The difference between grit blasting, abrasive blasting, and sand blasting can be confusing. That’s because the terms are used interchangeably.
Grit blasting is often used as a synonym for abrasive blasting to describe any process that shoots abrasive media at high speed—not just grits. Sandblasting is also used as a synonym for grit blasting, but they are technically not the same. As the name suggests, sandblasting is the process of using silica sand to blast a surface.

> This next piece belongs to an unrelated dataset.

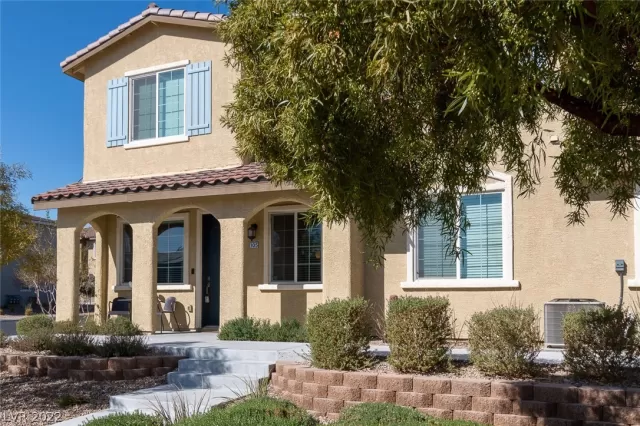 MLS: 2381878 Condo For Sale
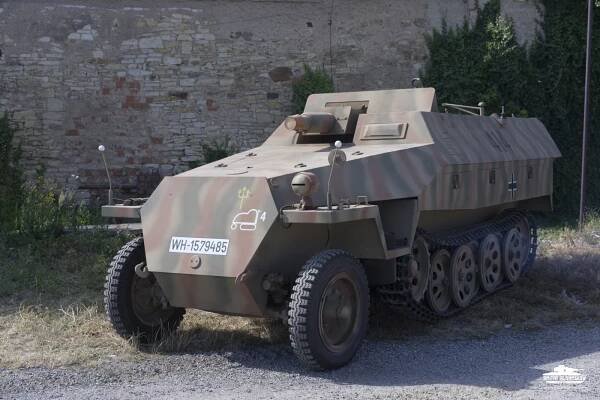 OT-810 to Sd.Kfz. 251/9 ausf D «stummel» CONVERSION — Dmitry Bushmakow Restoration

There are limitless possibilities when it comes to choosing abrasive materials for blasting, and most of them are not grits. Examples include minerals (silica sand, garnet sand), organic materials (walnut shells, corn cobs), metals (steel grits, stainless steel shots), and synthetic materials (baking soda, dry ice, aluminum oxide, silicon carbide, glass beads).
Generally, harder abrasives are used to process surfaces more efficiently while softer ones are used to avoid damaging the surface.
With grit blasting, a blasting nozzle is used to propel grits at high velocity toward the surface to be treated.
Compressed air is the most common method used for propulsion, but other blasting processes exist. Wet abrasive blasting uses liquids under high pressure (such as water) to help trap dust and lubricate the surface. Vapor streams and spinning wheels (wheel blasting) can also be used.
When grits impact the surface, abrasion removes contaminants, coatings, corrosion, and other surface imperfections. Depending on the type of grit, it’s also possible to roughen the surface, creating more surface area to improve adhesion for paints, coats, or adhesives.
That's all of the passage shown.